The terminology used below may be interpreted in its broadest reasonable manner, even though it is being used in conjunction with a detailed description of certain specific examples of the present disclosure. Indeed, certain terms may even be emphasized below; however, any terminology intended to be interpreted in any restricted manner will be overtly and specifically defined as such in this Detailed Description section. Both the foregoing general description and the following detailed description are exemplary and explanatory only and are not restrictive of the features, as claimed.

In this disclosure, the term “computer system” generally encompasses any device or combination of devices, each device having at least one processor that executes instructions from a memory medium. Additionally, a computer system may be included as a part of another computer system.
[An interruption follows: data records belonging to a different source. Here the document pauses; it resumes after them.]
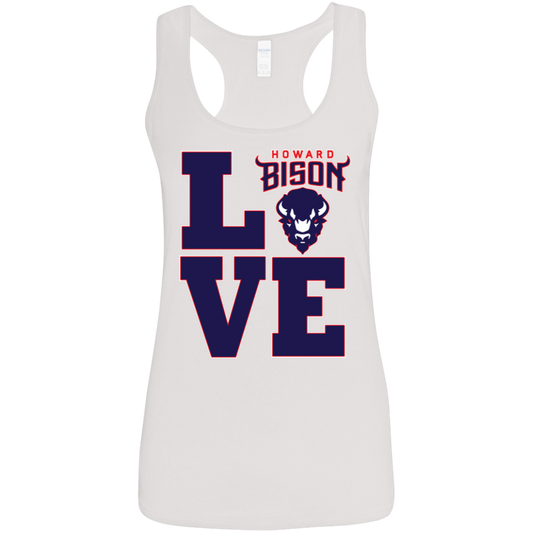 Howard BISONS - Love - Women's Softstyle Racerback Tank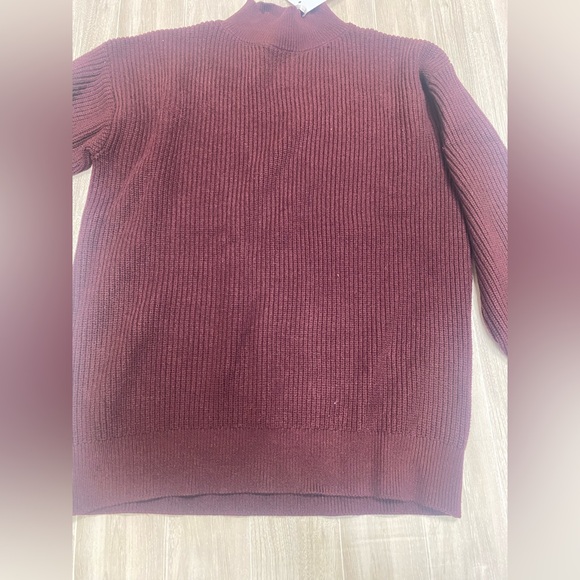 Isabel Maternity Burgundy Ribbed Sweater - Picture 2 of 6
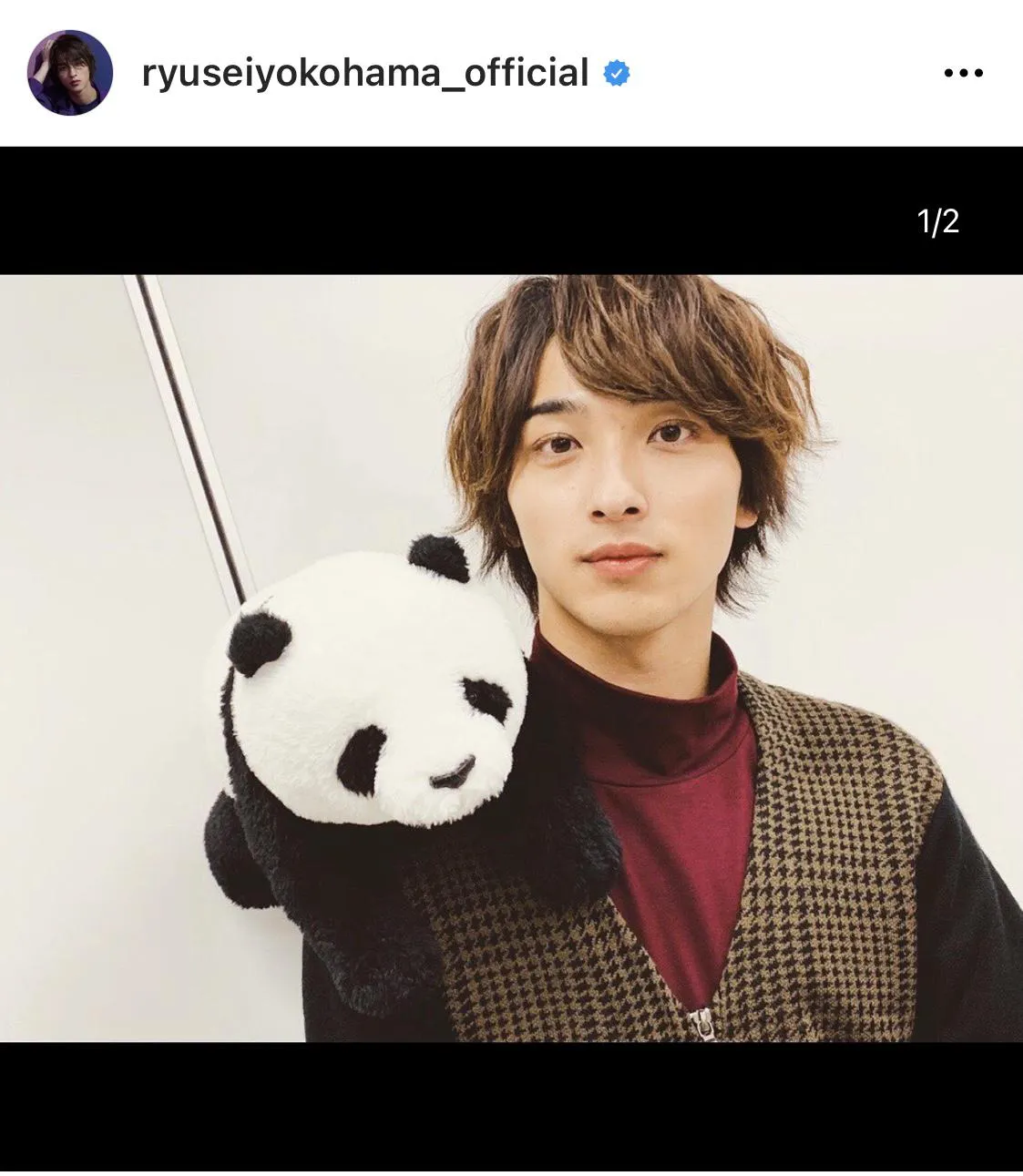 ※横浜流星公式Instagram(ryuseiyokohama_official)のスクリーンショット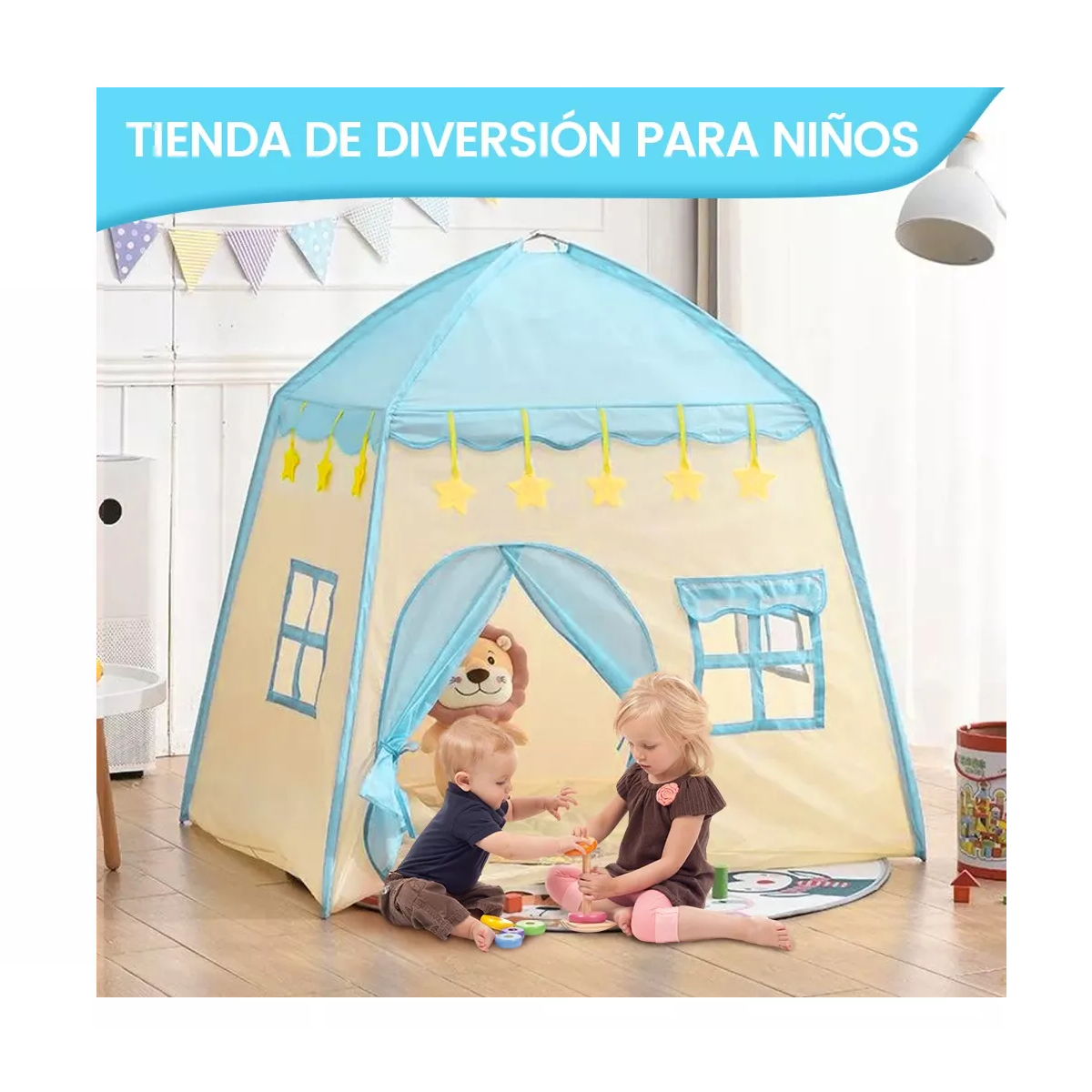 Foto 4 pulgar | Casa de Campaña Diseño de Princesas Azul con Blanco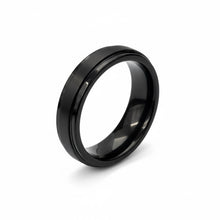 Tungsten Ring Center Raised Black Brushed Matte Finish Band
In this disclosure, the term “based on” means “based at least in part on.” The singular forms “a,” “an,” and “the” include plural referents unless the context dictates otherwise. The term “exemplary” is used in the sense of “example” rather than “ideal.” The term “or” is meant to be inclusive and means either, any, several, or all of the listed items. The terms “comprises,” “comprising,” “includes,” “including,” or other variations thereof, are intended to cover a non-exclusive inclusion such that a process, method, or product that comprises a list of elements does not necessarily include only those elements, but may include other elements not expressly listed or inherent to such a process, method, article, or apparatus. Relative terms, such as, “substantially” and “generally,” are used to indicate a possible variation of ±10% of a stated or understood value.

In general, the present disclosure provides for systems and methods for determining fuel economy of a vehicle. As used herein, “fuel economy” is the relationship between distance travelled by a vehicle and fuel consumed by the vehicle. “Fuel economy” may be a distance travelled per unit volume of fuel consumed by the vehicle and/or units of fuel per fixed distance travelled by the vehicle. For example, “fuel economy” may be expressed as miles per gallon (MPG), kilometers per liter (km/L), liters per 100 kilometers (L/100 km), gallons per 100 miles, and/or any other units for expressing distance travelled per unit volume of fuel and/or units of fuel per fixed distance travelled. Embodiments of the present disclosure may provide for retrieving information from one or more mobile applications, such as a banking, credit card, and/or automobile loan application. The retrieved information may include, for example, vehicle information for the car the user is driving, the user's travel distance, the total payment a user made for fuel, and/or the location the user was at when the user paid for the fuel. The location information may be used to estimate the cost of fuel per unit volume of fuel at that location. From one or more of the distance information, vehicle information, payment information, and the location information, the system may determine the actual fuel economy (e.g., MPG) for the vehicle.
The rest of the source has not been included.